Benchmark¶
The performance metrics of a number of experiments can be compared.
The evaluation metrics, environment’s variables, hyperparameters used during the training
and parameters for evaluating the environments are logged for each experiments in the file
benchmark/benchmark_results.csv. Evaluation metrics of selected experiments ID can be plotted
with the script scripts/plot_benchmark.py.

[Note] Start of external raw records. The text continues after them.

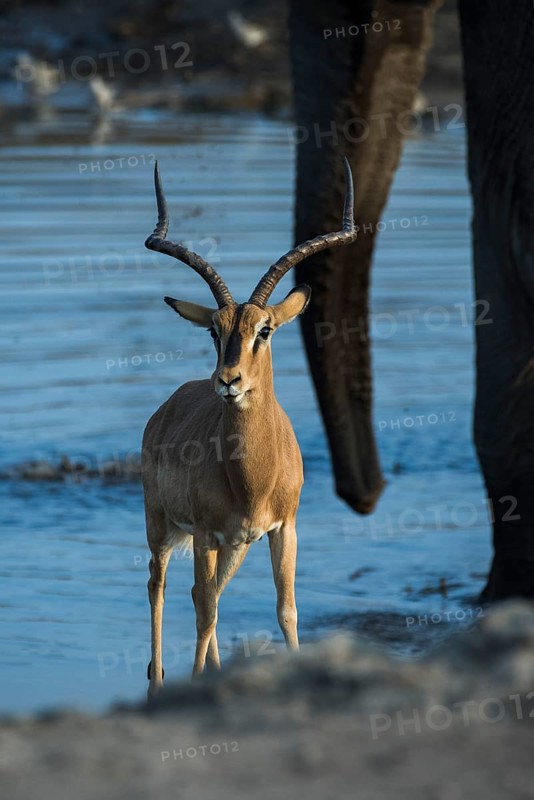 Black-faced impala
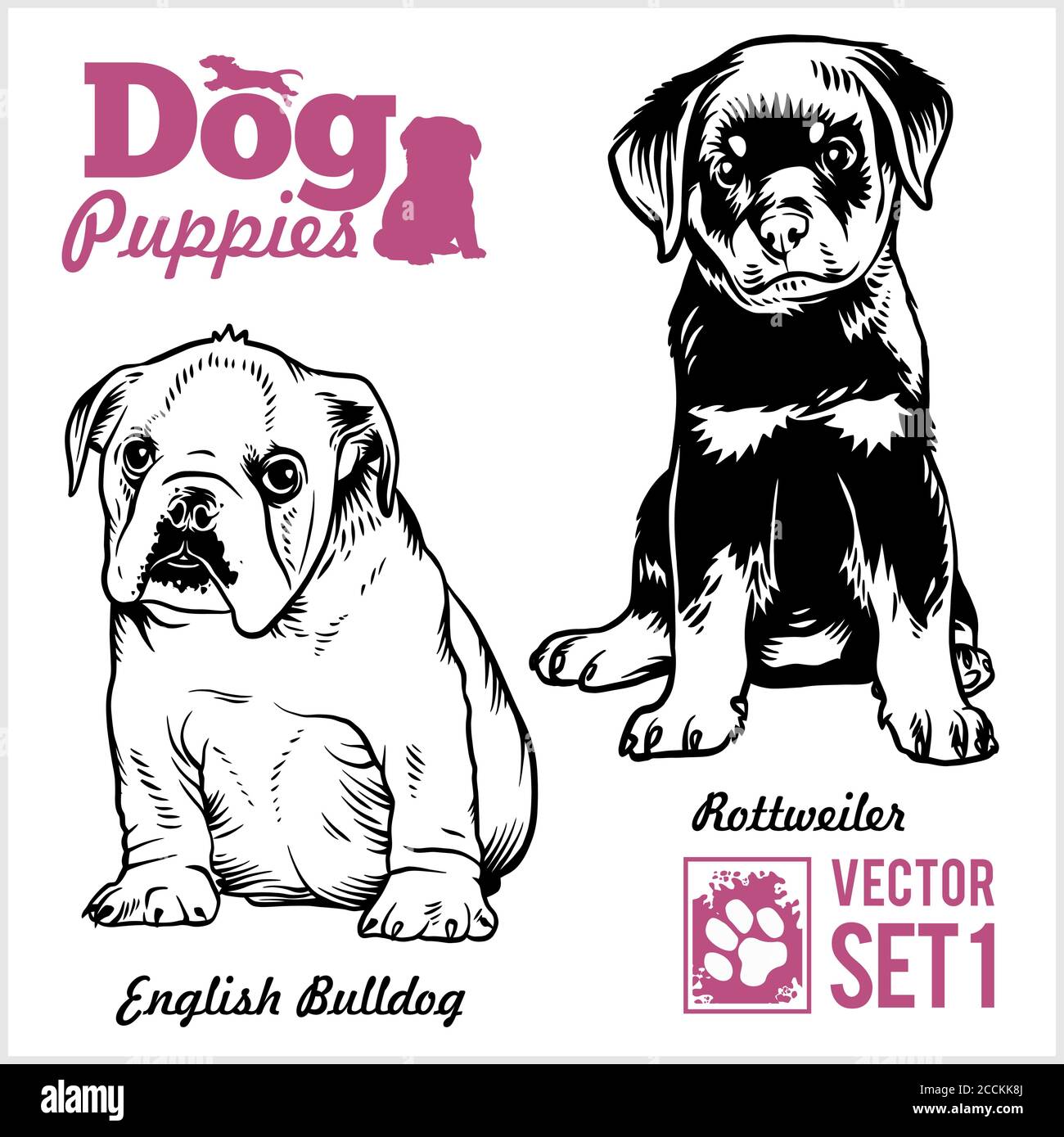 English Bulldog and Rottweiler - Dog Puppies. Vector set. Funny dogs puppy pet characters different breads doggy illustration isolated on white. Stock Vector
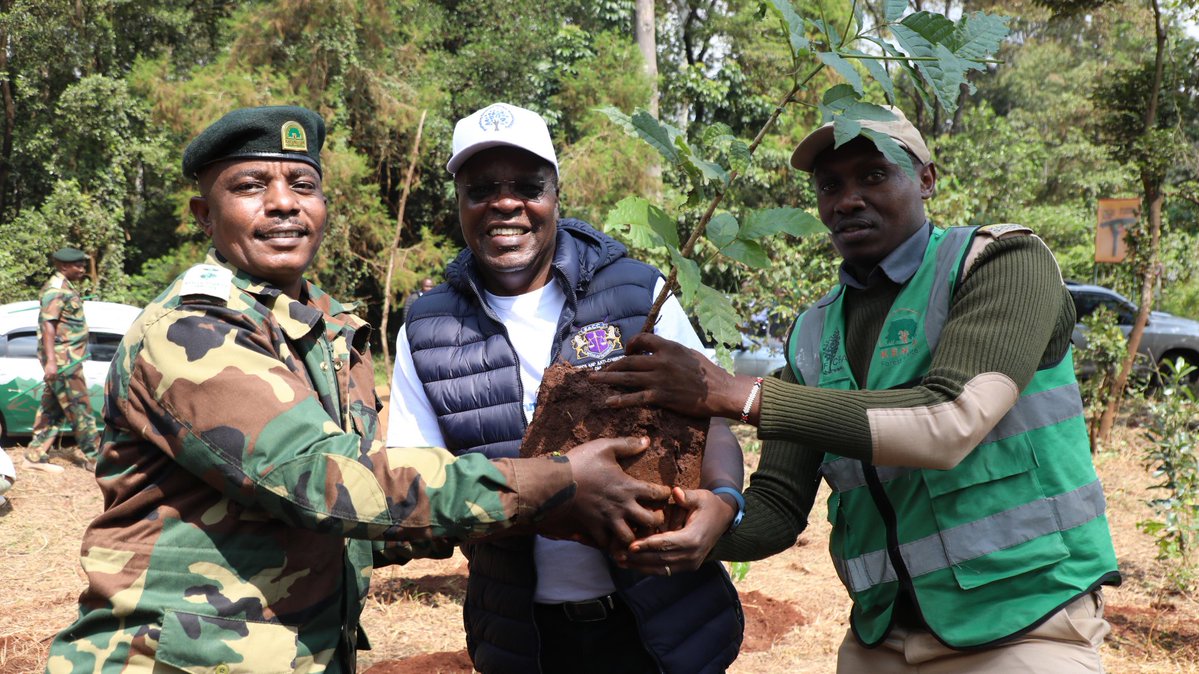 Kenya Forest Service tweet media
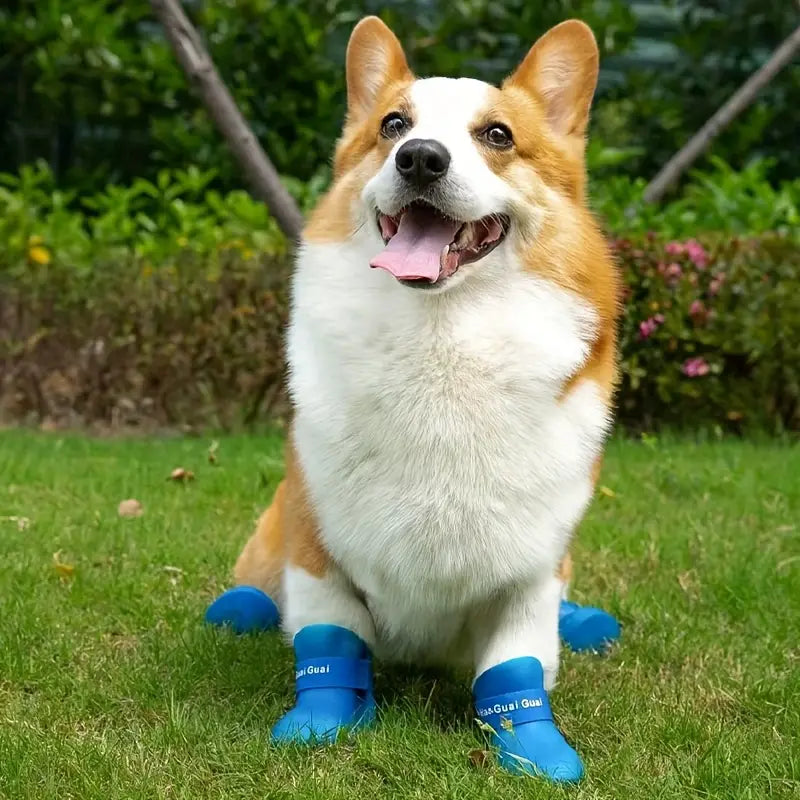 💥BOTAS ANTIDESLIZANTES PARA TU MASCOTA🐶BOTAS QUE CUIDAN CADA PASO 🐾DE TU MEJOR AMIGO 🐾❤🐶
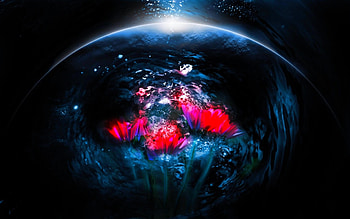 THE DEPTH, Cg, art, blossoms, underwater, dept, water, ocean HD wallpaper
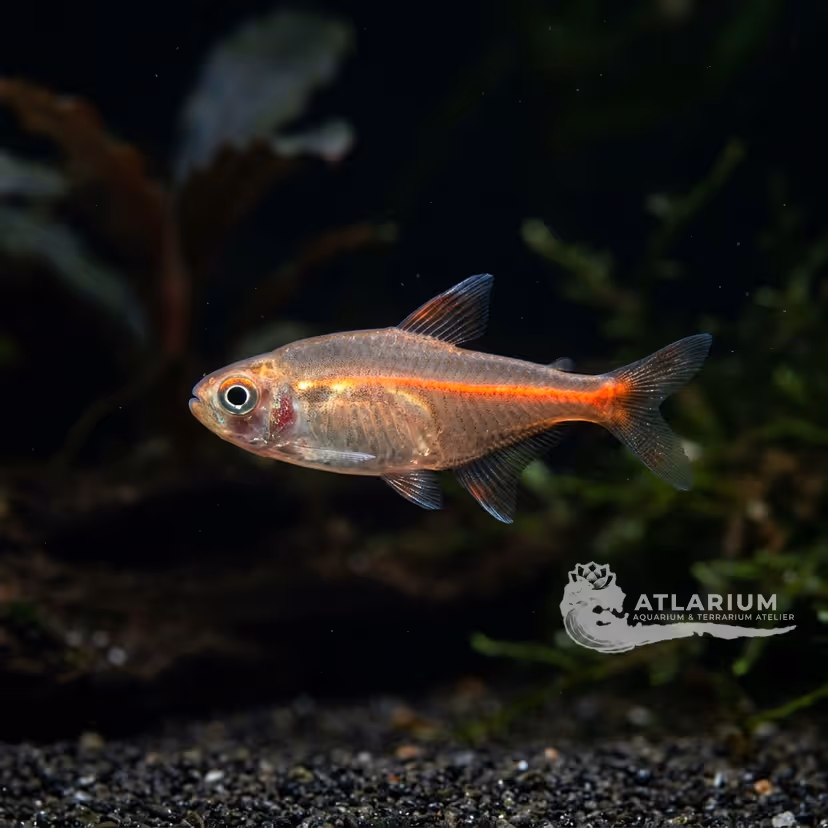 Tetra luminoso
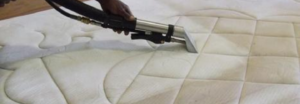 Mattress Cleaning  (1).png  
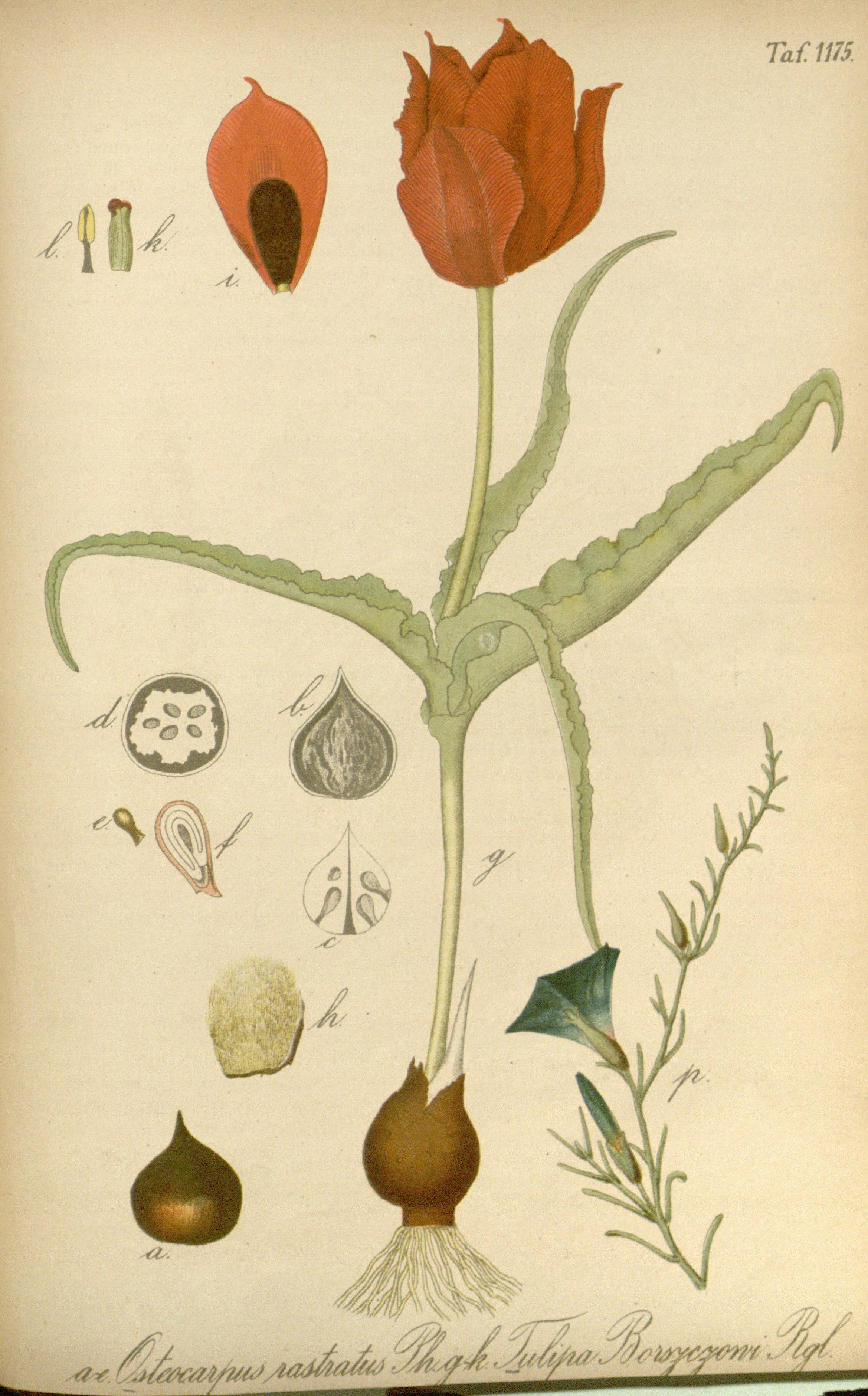 no full size  illustration available (3a)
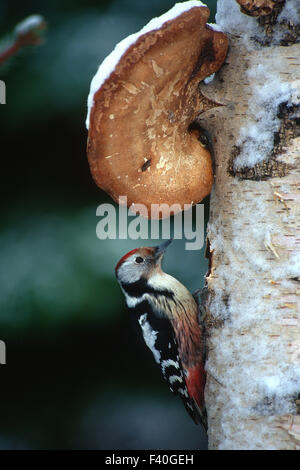 Middle spotted woodpecker Stockfoto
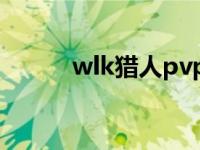 wlk猎人pvp天赋 猎人pvp天赋 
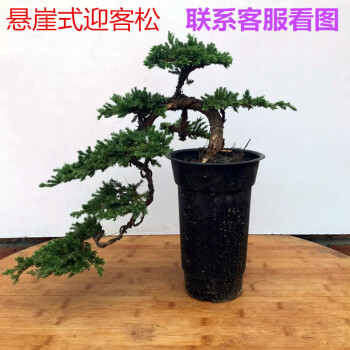 树植物室内花卉绿植好养四季客厅盆栽采缇caiti悬崖式迎客松造型可以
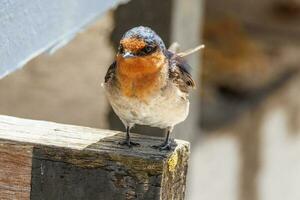 Bienvenido golondrina en australasia foto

With the local installation¶
Flag |
Description |
Type |
Example |
|---|---|---|---|
|
List of experiments to consider for plotting |
list of int |
26 27 28 29 |
|
Name of the hyperparameter for the X axis |
str |
n_timesteps |
The arguments of the --col flag correspond to the column headings of the benchmark file.
Example:
python scripts/plot_benchmark.py --exp-list 26 27 28 29 --col n_timesteps
The plots are generated in the folder benchmark/plots/. Here is an example of experiment benchmark plot:
With Docker¶
Benchmark plots can be generated using the Docker images.
# CPU
docker run -it --rm --network host --ipc=host --mount src=$(pwd),target=/root/rl_reach/,type=bind rlreach/rlreach-cpu:latest bash -c "python scripts/plot_benchmark.py --exp-list 26 27 28 29 --col n_timesteps"
# GPU
docker run -it --rm --runtime=nvidia --network host --ipc=host --mount src=$(pwd),target=/root/rl_reach/,type=bind rlreach/rlreach-gpu:latest bash -c "python scripts/plot_benchmark.py --exp-list 26 27 28 29 --col n_timesteps"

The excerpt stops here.